Wait a Minute, Tanger Has No Exposure to Department Stores
Tanger is not a traditional Mall REIT, instead, the North Carolina-based company owns 44 outlet centers in the U.S. (22 States) and Canada. The company commenced operations over 34 years ago in Burlington, NC when the outlet industry was unknown.
This original concept was aimed to connect bargain-hunting consumers with brand-name manufacturers and Tanger’s pioneering platform was the spark for the flaming retail sector that shoppers commonly refer to as the outlet center sector.
As the retail industry evolved, Tanger was the first to grasp the retail distribution channel in which goods could enjoy a longer life cycle than the traditional clearance concept.
Uncommon to malls that are costly to build (upwards of $100 million) and with significantly higher operating costs, Tanger set out to create a differentiated retail model that could provide both scale and low-price brand recognition, aimed to meet the demands of the bargain-hunting consumer.
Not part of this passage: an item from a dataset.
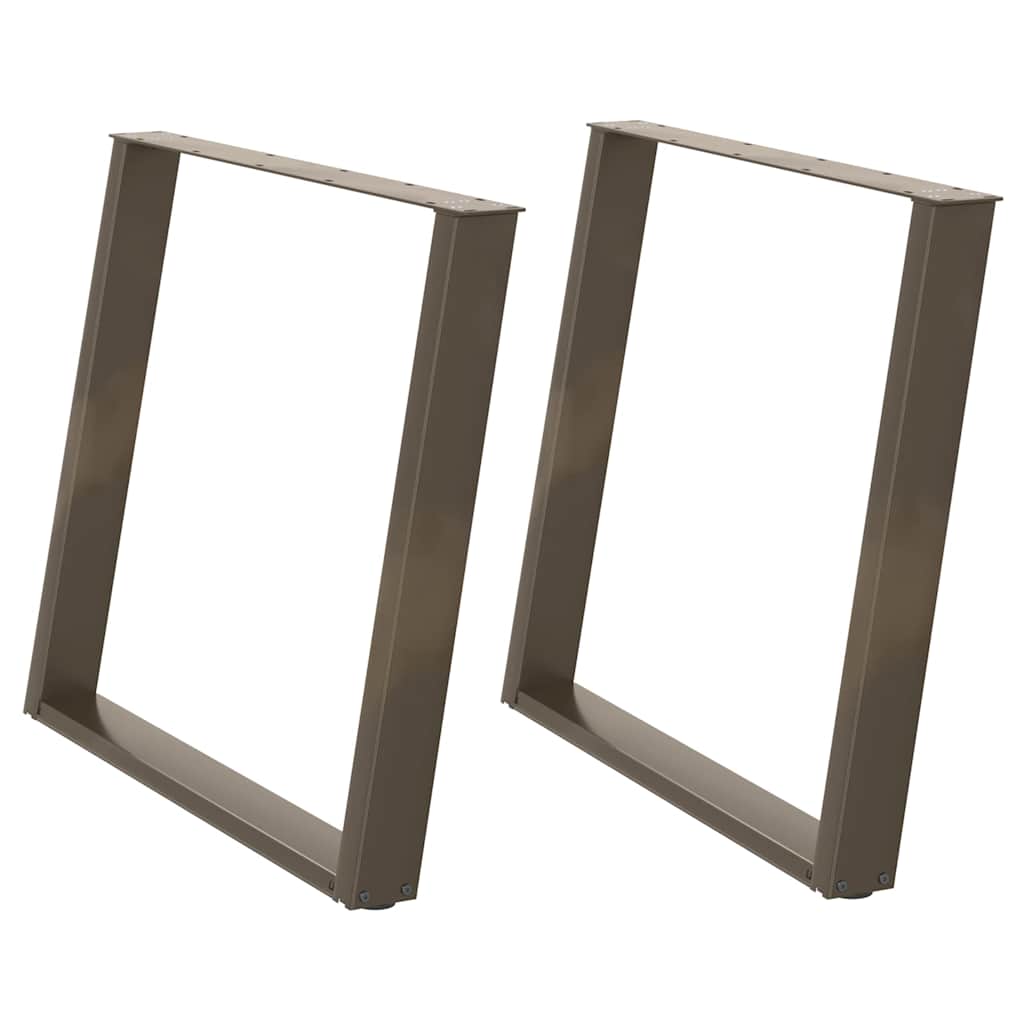 Dining Table Legs U-Shaped 2 pcs Natural Steel 100x(72-73) cm Steel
Tanger is the ONLY "pure-play" outlet center REIT, and as you can see below, there are NO department stores in the portfolio:
A Premium Brand on Sale
When I think about “Tanger,” I think about a stalwart REIT that has performed extraordinarily well through various economic cycles. Tanger’s premium brand can be best observed in periods of uncertainty… and it was evident during the recent economic downturn.
Unlike many other retail distribution channels, outlets benefited during the recession. Consumers did not have as much disposable income, but still wanted to purchase quality products from brands and designers that they knew and trusted.
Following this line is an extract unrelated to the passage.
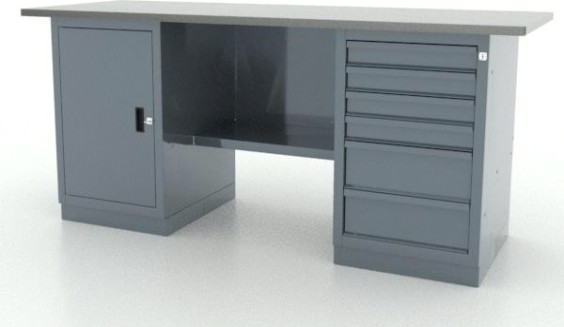 Верстак слесарный двухтумбовый FERRUM "CLASSIC" 01.206L-9007 серый [01.206L-]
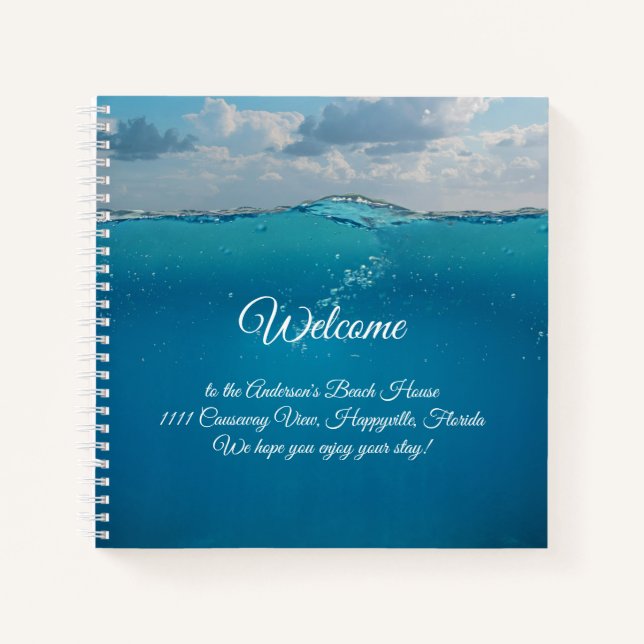 Underwater Welcome Beach House Rental Notebook (Front)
Tanger has become the "go-to" outlet landlord, and over the years, the company has developed trusted relationships in the outlet sector and the efficiency of driving high-quality tenant relationships across the portfolio, maximizing expense efficiencies by leveraging scale and more sophisticated risk management across markets.
One key competitive advantage that Tanger enjoys is the company's ability to leverage its track record and brand by scaling the business model. The outlet industry is small and Tanger estimates that there is less than 70 million square feet of quality outlet space, which is smaller than the retail space in the city of Chicago.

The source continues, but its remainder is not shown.